## [Directions for this task]
Can you copy out the data exactly? Leave the images out.

## [Information shown]
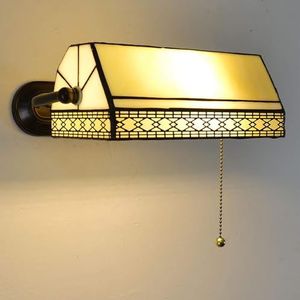 Tiffany Stijl Wandlamp Met Uittrekbare Schakelaar, Mediterrane Landelijke Bankier's Lamp, Met Gekleurde Glazen Lampenkap, E27 Retro Wandlamp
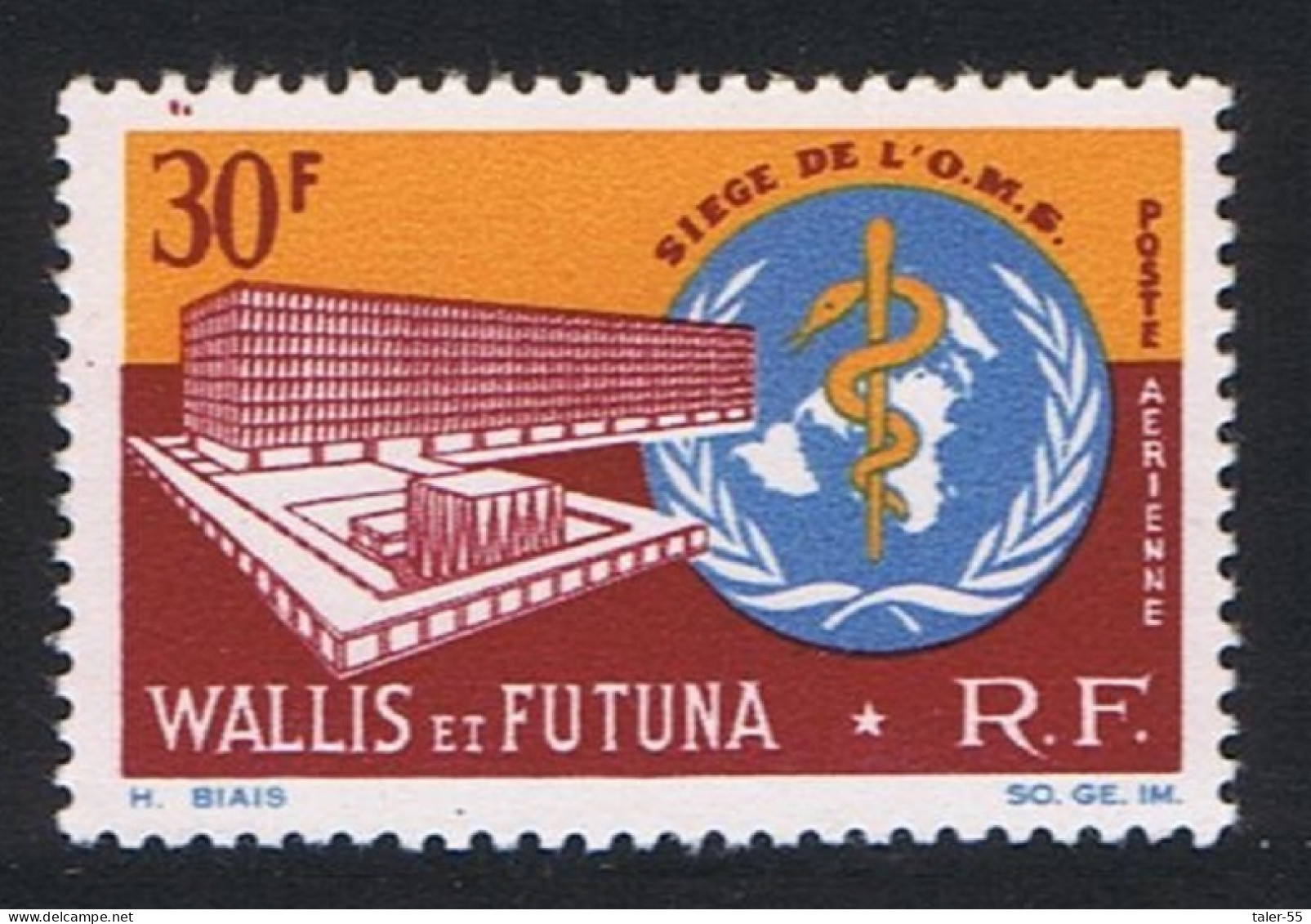 Wallis And Futuna Inauguration Of WHO Headquarters Airmail Def 1966 SG#191 Sc#C25 - Usados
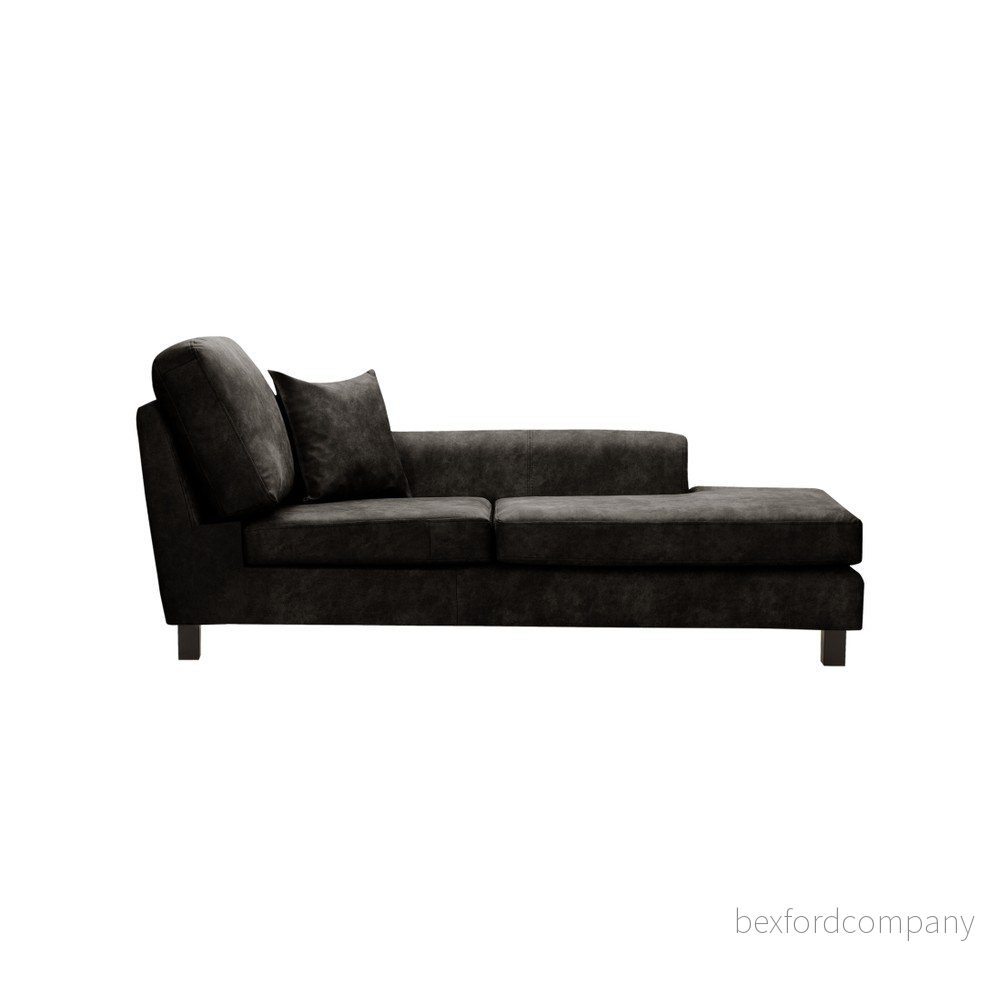 Antracitově šedá lenoška s opěrkou na levé straně Rodier Tweed v:965412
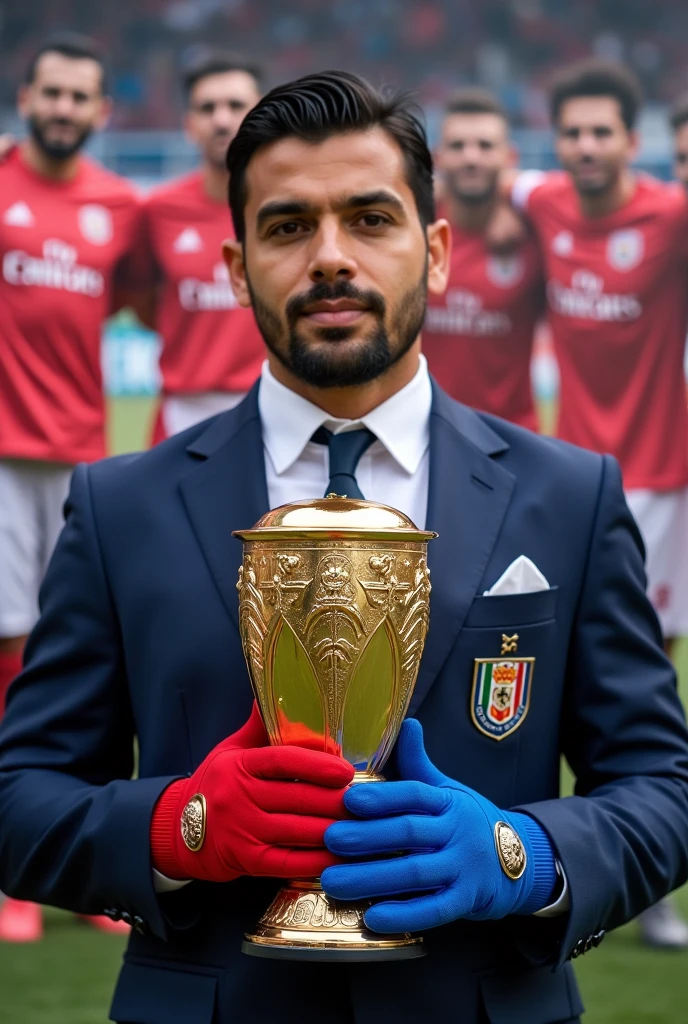 chivas player el Fofó bautista holding the mx cup in his hands with one red glove and the other blue and the classic chivas suit, and the background of the image is a photo of the team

## [Answer for the task]
 Tiffany Stijl Wandlamp Met Uittrekbare Schakelaar, Mediterrane Landelijke Bankier's Lamp, Met Gekleurde Glazen Lampenkap, E27 Retro Wandlamp
 Wallis And Futuna Inauguration Of WHO Headquarters Airmail Def 1966 SG#191 Sc#C25 - Usados
 Antracitově šedá lenoška s opěrkou na levé straně Rodier Tweed v:965412
 chivas player el Fofó bautista holding the mx cup in his hands with one red glove and the other blue and the classic chivas suit, and the background of the image is a photo of the team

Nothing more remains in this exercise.